● Work instructions:
Nothing but the lines from the one with "Подарочный набор фруктовых чаёв от Ahmad tea" down to the one with "Photo 5 of 2016" should be returned, exactly and with both ends included, from the material below.

▶

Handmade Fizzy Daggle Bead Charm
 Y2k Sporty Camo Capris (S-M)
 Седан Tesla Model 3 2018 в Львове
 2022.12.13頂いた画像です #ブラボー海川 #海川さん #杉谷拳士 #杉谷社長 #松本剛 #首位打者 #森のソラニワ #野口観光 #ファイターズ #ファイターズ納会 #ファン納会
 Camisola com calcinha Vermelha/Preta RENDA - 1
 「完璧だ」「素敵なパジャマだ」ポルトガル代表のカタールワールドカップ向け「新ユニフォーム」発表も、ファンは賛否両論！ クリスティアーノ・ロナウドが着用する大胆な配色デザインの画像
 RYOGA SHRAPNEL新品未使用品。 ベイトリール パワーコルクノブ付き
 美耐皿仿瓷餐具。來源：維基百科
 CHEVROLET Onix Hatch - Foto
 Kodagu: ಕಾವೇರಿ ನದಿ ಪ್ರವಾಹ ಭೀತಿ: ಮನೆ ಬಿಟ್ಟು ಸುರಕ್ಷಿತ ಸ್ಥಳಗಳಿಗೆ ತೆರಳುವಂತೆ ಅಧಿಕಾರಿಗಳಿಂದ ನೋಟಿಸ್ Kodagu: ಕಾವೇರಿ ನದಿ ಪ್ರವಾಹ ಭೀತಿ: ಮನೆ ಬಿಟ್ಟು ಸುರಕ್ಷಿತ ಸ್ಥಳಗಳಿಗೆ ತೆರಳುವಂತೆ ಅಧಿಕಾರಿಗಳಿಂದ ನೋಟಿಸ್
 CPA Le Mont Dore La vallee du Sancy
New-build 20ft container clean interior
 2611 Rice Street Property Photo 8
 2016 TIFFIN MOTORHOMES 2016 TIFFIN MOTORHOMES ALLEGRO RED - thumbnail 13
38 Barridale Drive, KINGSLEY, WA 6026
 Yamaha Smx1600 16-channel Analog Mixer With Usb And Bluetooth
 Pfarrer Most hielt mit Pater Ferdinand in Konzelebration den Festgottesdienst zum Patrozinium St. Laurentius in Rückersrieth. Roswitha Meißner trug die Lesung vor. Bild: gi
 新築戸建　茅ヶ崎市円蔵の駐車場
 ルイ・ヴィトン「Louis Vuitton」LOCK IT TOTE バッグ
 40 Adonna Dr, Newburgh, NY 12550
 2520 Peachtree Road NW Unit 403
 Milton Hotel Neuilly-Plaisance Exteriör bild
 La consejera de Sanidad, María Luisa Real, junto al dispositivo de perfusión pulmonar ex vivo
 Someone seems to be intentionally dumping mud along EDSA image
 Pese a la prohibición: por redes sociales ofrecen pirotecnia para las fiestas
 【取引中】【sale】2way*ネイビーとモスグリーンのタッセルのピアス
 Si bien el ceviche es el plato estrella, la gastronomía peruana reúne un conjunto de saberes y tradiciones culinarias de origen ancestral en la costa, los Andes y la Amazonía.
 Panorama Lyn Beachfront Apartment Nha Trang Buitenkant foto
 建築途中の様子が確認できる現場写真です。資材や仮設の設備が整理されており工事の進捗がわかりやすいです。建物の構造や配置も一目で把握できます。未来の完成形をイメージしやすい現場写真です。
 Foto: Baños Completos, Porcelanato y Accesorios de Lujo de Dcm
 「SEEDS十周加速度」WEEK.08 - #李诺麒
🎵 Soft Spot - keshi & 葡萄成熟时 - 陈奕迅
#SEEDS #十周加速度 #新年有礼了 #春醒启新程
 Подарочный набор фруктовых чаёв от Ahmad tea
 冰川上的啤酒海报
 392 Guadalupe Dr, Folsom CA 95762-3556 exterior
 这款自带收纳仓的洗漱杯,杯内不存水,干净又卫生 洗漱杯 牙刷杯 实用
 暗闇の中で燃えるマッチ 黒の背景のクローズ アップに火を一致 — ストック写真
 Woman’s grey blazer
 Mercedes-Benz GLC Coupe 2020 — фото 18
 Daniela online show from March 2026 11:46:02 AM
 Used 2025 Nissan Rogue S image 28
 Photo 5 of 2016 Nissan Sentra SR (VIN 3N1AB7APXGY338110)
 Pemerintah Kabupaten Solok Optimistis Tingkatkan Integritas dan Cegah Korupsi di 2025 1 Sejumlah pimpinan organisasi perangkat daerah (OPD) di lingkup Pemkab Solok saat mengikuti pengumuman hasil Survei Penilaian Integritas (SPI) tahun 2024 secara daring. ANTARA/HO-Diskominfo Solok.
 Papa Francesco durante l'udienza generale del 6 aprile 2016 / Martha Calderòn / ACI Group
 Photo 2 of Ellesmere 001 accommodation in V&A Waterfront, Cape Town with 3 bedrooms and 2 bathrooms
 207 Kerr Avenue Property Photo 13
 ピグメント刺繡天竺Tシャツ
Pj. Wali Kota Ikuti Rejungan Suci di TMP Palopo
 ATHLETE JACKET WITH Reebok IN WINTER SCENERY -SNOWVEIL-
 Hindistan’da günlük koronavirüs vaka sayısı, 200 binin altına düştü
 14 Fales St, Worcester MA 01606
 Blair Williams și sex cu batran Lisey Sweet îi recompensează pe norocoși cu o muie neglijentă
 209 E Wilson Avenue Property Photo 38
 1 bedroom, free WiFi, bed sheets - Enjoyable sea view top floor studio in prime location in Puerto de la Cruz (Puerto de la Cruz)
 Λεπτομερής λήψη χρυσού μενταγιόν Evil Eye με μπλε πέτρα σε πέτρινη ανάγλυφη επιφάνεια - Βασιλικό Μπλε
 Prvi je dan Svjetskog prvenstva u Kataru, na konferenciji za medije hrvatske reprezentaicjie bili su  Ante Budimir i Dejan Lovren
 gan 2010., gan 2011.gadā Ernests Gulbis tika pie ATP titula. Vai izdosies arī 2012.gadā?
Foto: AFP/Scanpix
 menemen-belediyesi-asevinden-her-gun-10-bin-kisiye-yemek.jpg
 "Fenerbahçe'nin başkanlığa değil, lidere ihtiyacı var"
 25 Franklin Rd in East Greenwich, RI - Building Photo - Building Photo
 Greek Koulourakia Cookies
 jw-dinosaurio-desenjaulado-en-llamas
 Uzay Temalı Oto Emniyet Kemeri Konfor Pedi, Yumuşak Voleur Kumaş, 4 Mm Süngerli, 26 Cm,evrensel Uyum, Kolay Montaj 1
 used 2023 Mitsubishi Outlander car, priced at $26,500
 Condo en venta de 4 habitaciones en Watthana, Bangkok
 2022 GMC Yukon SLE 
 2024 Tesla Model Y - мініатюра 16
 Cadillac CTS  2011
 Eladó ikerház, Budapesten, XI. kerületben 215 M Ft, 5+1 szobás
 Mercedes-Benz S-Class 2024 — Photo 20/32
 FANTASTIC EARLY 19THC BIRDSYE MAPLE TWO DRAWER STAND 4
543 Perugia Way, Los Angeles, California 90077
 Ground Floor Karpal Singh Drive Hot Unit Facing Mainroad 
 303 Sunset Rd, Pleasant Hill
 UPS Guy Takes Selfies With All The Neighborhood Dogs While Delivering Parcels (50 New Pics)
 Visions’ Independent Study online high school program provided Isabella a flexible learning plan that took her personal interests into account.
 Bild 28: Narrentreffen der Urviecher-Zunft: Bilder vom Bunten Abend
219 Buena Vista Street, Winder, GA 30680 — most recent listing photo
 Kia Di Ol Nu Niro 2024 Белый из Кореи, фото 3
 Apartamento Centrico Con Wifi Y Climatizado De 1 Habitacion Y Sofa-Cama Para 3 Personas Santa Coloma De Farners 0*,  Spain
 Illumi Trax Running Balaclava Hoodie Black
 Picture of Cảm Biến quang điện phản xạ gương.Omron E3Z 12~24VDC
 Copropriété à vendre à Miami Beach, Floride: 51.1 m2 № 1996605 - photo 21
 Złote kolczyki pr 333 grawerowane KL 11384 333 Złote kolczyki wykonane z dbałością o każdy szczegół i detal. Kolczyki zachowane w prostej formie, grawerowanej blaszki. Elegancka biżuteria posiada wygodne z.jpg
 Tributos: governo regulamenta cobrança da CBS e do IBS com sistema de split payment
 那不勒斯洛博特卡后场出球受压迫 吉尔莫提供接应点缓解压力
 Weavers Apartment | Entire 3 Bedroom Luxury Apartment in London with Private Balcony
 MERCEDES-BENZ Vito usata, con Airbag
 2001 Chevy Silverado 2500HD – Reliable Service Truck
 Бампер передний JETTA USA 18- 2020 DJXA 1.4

◀

● Completed task:
 Подарочный набор фруктовых чаёв от Ahmad tea
 冰川上的啤酒海报
 392 Guadalupe Dr, Folsom CA 95762-3556 exterior
 这款自带收纳仓的洗漱杯,杯内不存水,干净又卫生 洗漱杯 牙刷杯 实用
 暗闇の中で燃えるマッチ 黒の背景のクローズ アップに火を一致 — ストック写真
 Woman’s grey blazer
 Mercedes-Benz GLC Coupe 2020 — фото 18
 Daniela online show from March 2026 11:46:02 AM
 Used 2025 Nissan Rogue S image 28
 Photo 5 of 2016 Nissan Sentra SR (VIN 3N1AB7APXGY338110)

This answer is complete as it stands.